## Prompt:
Would you restate, exactly as they appear, the lines from the one containing "Photo 1 of Manufactured" through the end of the data below?
── Data for review ──
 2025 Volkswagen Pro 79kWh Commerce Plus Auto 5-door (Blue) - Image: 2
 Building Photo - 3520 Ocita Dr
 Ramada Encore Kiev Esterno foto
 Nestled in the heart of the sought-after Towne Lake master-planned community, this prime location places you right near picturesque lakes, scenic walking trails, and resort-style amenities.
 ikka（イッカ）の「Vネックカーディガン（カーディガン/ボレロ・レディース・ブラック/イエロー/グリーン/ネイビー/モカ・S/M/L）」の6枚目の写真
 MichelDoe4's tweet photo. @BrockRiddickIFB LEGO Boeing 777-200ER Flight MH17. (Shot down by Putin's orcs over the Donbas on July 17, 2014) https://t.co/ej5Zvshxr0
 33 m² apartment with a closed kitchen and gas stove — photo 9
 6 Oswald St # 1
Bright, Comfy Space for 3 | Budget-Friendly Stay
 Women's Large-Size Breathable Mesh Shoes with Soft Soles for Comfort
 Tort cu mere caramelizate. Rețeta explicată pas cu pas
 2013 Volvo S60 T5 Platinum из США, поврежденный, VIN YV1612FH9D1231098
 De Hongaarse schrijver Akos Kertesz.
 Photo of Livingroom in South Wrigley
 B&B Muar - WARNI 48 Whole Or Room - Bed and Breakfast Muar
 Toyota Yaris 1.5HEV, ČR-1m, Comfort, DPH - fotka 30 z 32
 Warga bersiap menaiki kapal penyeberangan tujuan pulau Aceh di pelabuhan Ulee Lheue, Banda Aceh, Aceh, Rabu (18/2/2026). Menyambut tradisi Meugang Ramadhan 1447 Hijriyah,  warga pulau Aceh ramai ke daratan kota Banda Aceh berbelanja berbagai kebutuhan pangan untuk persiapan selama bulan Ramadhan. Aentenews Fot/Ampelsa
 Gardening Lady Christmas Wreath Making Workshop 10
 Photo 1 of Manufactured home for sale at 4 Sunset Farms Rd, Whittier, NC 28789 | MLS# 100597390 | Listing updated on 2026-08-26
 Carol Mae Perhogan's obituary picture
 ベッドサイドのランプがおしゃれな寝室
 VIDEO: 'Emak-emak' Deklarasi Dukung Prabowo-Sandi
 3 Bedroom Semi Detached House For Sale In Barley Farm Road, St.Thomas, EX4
───
## Exercise answer:
 Photo 1 of Manufactured home for sale at 4 Sunset Farms Rd, Whittier, NC 28789 | MLS# 100597390 | Listing updated on 2026-08-26
 Carol Mae Perhogan's obituary picture
 ベッドサイドのランプがおしゃれな寝室
 VIDEO: 'Emak-emak' Deklarasi Dukung Prabowo-Sandi
 3 Bedroom Semi Detached House For Sale In Barley Farm Road, St.Thomas, EX4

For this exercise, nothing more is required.